Soy Sola, a short film written and directed by current student Natalia Luque and co-produced by current students Aliza Brugger and Cecilia Otero, will have its European premiere at the Brussels Short Film Festival in September. Soy Sola has been selected as one of 62 films out of more than 4,000 submissions to compete in the International Competition. The festival will run from September 2 to September 12 and the winners of the Grand Prix in the International and National Competitions are considered for pre-selection for the Oscars. Additionally, Luque’s short film La Virgen, La Vieja, El Viaje, produced by alumna Marta Cruañas Compés '20, will screen at the SANFIC Film Festival in Chile next month where it will compete in the National Talent competition. 
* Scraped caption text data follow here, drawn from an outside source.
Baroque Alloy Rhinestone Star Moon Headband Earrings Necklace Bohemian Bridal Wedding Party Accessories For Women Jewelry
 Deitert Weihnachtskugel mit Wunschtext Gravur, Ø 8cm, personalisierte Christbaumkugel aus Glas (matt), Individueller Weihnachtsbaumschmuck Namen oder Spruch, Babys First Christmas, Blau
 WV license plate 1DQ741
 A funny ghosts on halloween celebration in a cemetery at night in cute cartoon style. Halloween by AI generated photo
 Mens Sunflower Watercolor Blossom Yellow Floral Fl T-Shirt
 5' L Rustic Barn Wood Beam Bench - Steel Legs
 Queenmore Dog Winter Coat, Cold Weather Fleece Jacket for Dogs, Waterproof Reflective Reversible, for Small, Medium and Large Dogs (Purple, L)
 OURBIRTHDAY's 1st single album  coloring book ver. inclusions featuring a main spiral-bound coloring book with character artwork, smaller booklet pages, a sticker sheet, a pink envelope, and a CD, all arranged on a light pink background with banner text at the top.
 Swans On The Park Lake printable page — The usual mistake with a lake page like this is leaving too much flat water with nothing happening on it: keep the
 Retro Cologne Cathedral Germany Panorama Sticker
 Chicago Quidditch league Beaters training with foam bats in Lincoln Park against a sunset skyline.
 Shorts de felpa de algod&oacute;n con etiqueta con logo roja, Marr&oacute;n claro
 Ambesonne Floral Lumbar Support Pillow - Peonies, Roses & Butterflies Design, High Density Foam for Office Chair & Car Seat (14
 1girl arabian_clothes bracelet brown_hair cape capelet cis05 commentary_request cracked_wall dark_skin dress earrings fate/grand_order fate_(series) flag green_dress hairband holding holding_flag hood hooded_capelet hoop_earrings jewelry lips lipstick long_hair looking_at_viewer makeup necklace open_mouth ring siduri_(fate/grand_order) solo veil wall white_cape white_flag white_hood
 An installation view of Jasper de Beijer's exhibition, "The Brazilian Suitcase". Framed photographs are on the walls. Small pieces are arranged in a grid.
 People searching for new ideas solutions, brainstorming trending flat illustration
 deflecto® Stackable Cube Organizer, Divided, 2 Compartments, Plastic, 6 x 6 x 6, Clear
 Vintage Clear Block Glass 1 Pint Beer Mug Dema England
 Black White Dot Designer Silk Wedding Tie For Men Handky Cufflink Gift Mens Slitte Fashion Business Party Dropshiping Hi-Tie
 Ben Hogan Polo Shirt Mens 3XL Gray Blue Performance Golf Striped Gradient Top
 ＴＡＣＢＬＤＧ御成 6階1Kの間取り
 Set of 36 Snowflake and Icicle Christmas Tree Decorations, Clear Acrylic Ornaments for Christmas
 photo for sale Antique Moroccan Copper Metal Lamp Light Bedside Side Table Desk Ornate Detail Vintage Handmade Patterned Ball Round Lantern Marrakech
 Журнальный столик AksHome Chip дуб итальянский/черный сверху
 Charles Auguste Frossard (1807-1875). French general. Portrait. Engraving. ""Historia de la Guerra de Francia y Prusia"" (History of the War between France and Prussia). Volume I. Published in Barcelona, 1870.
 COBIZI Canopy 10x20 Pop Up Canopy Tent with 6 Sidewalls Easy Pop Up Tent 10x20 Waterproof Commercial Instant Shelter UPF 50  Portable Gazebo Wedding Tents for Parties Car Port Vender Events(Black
In Soy Sola, Margarita, 52, is a waxer who works in a mall in downtown Santiago, with her long lasting coworker Nelly. Day after day, she endures her hot flashes, an undeniable sign of a looming menopause. One day, she gets encouraged by her young client to pursue a love interest. The film won a place at the Cannes Film Festival’s prestigious Short Film Corner and already showed at the Bogoshorts Festival in Colombia, Havana Film Festival in Cuba and Rukapillan Festival and Valdivia International Film Festival in Chile. Luque also took home a DGA Student Film Jury Award in the category Best Latino Student Filmmaker in the Eastern Region for Soy Sola

La Virgen, La Vieja, El Viaje tells the story of a Rocío, a Latin American woman who works as a janitor at a high school. The film focuses on how she, away from her family, finds a way to say the last goodbye to her grandmother, who is about to pass. 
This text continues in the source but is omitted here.